The questions we don't ask
The other day my husband was telling me about a conversation he'd had with a young colleague of his, recently married. They have been contemplating getting a dog, a big move for them. When he asked how the process was moving along, his colleague confessed that he was very nervous about the prospect, and thought it might be a mistake, although he also thought it might also be inevitable.
"Did you ask him why he was nervous about it?" I asked my husband.
"No," he replied. "Why?"
Long ago, when I took the training for church-based community organizing, we learned the art of the one-to-one conversation. We learned to have intentional conversations with parish members and neighbors, and one thing we really worked on was listening for the next question, learning to be curious about the person we were talking to and the stories they wanted to tell us, not just what we wanted to hear.
I'll tell you what: it's not as easy as it sounds.
I don't know why my husband didn't ask his friend the next question about the dog, something about which (I'll admit) I was quite curious. Possibly he didn't want to pry. Or perhaps he was already thinking about something he was more interested in than the story of the dog. Maybe he thought he already had a pretty good idea why getting a dog sounded stressful, and assumed that the reasons would be the same for his colleague.
I find that it is, more often than not, and despite my training, the same for me.
It's not the questions I ask that get me into trouble.
It's the questions I don't ask, because I am not curious, because I think I know the answer already, because I am making assumptions based on my own life and my own experiences.
A member of our congregation, a young single dad, started bringing his significant other and her children to church on occasion. I started getting to know them and having conversations with them. They even asked if I would officiate at their wedding, to which I said, gladly, "Yes."
And then one day, I saw pictures of them on Facebook. They had been visiting a relative's church. There was the opportunity to be baptized that day. There were pictures of them all, spontaneously, getting baptized.
"I have always wanted to get baptized with my children!" was the caption underneath the pictures.
Though I am a pastor, and I think that baptism is one of the best things we do (or, more precisely, that God does), I never thought to ask her the question, "Are you baptized? Would you like to be?" I made assumptions based on my own experiences—assumptions about what she needed and didn't need in her faith community, assumptions about her hopes and dreams for her family.

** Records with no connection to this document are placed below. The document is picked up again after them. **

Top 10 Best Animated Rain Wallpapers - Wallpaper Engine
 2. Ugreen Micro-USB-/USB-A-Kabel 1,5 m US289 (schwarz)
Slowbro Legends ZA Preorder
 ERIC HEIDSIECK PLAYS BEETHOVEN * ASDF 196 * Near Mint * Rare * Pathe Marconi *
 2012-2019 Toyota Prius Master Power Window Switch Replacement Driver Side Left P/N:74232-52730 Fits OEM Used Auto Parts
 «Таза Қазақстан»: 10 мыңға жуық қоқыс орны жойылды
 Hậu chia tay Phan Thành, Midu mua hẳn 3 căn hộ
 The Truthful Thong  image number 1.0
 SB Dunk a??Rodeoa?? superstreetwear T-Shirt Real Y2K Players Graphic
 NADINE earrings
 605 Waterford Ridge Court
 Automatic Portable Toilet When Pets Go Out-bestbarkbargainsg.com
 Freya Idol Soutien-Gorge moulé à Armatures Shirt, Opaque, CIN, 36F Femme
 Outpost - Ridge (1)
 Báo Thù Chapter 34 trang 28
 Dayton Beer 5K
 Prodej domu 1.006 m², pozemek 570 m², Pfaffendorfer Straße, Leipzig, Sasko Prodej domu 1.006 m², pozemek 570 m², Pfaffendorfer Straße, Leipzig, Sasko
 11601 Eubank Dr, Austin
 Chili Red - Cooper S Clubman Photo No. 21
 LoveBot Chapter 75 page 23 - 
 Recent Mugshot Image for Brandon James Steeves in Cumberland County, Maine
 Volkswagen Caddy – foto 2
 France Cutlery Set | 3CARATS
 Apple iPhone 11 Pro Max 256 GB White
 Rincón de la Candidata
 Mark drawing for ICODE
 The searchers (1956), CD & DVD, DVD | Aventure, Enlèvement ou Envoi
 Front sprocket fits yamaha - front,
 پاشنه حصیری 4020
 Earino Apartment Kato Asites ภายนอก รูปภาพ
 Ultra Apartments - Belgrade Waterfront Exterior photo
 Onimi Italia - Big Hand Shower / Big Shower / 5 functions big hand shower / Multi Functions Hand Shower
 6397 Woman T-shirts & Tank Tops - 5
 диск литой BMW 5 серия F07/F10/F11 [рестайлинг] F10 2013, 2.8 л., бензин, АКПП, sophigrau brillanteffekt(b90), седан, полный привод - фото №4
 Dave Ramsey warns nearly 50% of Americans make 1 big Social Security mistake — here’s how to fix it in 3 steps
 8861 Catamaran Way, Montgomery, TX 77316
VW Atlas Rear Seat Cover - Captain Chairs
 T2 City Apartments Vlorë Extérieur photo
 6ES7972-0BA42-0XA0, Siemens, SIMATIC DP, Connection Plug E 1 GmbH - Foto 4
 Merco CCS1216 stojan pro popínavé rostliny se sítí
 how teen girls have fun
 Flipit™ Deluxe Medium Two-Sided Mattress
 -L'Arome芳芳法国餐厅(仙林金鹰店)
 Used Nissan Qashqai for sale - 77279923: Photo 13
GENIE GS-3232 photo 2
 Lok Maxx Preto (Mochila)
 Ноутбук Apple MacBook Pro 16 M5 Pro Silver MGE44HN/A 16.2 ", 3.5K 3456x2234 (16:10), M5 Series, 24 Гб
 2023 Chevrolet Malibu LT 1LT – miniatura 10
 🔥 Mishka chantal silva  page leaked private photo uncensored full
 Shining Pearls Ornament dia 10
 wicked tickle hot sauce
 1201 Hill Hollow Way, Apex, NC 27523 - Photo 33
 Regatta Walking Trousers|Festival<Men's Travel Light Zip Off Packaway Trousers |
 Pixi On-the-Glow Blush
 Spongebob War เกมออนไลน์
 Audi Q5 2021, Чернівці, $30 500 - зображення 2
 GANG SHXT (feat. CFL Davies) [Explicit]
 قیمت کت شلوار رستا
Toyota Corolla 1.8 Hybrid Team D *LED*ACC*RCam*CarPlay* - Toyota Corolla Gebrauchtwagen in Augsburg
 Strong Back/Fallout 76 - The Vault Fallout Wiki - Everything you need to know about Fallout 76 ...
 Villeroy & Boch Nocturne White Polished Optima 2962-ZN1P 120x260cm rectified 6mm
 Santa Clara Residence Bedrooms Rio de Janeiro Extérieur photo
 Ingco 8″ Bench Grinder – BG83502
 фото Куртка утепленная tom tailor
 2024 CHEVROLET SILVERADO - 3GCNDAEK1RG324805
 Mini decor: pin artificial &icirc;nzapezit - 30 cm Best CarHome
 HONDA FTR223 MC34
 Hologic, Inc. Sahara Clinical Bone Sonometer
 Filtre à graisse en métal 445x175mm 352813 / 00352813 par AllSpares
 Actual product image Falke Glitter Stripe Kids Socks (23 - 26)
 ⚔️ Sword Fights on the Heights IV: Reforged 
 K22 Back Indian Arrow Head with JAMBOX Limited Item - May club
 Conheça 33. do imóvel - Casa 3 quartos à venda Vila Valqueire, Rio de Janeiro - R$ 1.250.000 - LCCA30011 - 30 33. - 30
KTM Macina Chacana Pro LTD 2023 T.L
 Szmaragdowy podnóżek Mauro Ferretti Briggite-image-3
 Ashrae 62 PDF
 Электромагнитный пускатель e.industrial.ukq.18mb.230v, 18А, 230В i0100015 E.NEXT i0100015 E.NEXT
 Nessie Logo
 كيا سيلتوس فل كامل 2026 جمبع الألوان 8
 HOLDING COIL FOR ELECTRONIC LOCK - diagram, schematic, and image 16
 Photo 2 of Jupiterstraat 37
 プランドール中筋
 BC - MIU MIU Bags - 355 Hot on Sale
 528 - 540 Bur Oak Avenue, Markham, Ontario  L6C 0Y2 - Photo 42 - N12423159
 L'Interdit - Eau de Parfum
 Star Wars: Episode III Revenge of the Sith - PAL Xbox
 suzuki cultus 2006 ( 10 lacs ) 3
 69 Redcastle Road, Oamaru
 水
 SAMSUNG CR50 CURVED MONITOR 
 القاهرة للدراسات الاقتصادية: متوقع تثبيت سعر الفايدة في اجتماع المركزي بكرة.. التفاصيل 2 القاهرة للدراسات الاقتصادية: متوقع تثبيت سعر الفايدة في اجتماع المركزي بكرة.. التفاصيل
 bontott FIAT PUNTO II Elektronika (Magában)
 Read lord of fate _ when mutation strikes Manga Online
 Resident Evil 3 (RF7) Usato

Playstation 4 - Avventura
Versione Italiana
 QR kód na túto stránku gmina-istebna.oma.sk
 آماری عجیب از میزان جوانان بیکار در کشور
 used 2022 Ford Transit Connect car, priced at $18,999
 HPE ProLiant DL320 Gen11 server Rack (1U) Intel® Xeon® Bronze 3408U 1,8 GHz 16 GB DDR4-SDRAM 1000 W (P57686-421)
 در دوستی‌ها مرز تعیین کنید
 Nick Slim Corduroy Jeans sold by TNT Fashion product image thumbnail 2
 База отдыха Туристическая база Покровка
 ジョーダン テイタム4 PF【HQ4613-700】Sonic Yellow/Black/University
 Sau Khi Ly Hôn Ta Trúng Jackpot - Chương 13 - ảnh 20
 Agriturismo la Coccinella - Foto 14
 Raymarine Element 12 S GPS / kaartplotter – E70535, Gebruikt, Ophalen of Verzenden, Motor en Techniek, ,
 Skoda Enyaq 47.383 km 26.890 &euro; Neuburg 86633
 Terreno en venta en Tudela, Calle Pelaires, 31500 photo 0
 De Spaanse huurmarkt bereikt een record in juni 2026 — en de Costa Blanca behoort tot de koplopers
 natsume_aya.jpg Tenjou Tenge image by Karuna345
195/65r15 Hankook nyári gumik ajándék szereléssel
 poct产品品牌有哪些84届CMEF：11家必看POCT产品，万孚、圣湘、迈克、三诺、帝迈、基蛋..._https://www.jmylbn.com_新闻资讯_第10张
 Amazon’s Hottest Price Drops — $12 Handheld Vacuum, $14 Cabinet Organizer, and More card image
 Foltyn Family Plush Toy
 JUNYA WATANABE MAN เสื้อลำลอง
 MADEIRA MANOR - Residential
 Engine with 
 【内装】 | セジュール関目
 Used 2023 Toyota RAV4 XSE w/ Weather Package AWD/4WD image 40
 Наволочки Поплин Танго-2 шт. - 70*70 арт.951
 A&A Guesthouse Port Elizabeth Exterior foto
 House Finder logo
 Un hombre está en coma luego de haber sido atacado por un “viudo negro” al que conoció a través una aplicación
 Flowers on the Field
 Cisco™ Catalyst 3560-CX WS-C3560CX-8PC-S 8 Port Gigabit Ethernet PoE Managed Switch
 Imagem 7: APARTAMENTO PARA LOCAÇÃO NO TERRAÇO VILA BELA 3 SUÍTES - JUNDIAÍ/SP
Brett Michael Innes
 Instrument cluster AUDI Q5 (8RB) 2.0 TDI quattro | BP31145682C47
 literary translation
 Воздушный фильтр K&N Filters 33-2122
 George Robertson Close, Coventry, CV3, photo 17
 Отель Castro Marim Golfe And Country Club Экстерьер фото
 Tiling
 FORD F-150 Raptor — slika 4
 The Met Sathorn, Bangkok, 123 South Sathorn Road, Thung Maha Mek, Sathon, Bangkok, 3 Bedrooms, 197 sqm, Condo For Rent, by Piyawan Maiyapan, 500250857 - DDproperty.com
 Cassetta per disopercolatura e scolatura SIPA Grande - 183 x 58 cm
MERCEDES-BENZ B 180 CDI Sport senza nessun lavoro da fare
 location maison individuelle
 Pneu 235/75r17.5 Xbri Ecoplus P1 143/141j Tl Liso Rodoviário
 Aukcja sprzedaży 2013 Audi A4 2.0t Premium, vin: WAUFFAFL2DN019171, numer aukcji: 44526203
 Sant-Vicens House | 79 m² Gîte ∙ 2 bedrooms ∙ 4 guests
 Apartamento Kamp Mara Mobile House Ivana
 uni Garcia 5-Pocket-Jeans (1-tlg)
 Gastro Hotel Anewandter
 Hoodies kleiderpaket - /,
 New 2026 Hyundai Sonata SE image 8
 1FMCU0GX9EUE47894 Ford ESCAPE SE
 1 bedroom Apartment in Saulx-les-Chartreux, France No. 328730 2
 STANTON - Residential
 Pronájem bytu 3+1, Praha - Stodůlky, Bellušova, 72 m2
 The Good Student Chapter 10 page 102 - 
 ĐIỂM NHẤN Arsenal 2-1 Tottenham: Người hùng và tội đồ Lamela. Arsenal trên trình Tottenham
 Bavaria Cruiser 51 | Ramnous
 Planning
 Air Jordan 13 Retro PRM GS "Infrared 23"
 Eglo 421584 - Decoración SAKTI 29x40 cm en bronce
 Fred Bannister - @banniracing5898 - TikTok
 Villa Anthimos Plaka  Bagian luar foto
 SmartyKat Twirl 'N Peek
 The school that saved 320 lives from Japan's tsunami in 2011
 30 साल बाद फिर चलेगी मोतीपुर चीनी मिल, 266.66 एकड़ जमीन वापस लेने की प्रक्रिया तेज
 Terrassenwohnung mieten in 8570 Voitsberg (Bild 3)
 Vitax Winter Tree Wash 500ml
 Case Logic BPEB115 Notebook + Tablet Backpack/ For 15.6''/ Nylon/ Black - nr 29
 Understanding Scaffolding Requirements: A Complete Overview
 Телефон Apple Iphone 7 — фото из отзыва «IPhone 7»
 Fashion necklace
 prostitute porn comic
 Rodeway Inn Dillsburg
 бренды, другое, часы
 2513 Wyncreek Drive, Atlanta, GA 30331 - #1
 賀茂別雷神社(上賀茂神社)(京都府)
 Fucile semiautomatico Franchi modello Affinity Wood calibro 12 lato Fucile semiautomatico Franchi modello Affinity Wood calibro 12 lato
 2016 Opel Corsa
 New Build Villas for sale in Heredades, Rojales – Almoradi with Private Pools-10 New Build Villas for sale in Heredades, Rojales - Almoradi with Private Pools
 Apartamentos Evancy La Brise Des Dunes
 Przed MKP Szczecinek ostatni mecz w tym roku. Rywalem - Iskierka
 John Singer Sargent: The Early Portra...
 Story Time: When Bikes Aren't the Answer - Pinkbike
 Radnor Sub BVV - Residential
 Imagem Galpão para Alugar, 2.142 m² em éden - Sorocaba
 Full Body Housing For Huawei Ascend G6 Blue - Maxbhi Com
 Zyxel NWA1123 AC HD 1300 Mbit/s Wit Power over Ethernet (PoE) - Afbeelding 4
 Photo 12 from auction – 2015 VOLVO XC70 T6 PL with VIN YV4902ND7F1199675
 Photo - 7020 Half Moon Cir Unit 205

I can't help wondering what I might find out if I learn to listen, and be curious, and ask the next question, the question I'm not even thinking about, at least not now.
I think I know why people are here, or even why they aren't. I think people are here because of Sunday school, or because we play the hymns they like, or because our worship service is at a convenient time for them, or they have friends who go here. Maybe that's it. But how do I know?
Maybe they really want a transformed life.
It's the questions we don't ask that get us into trouble.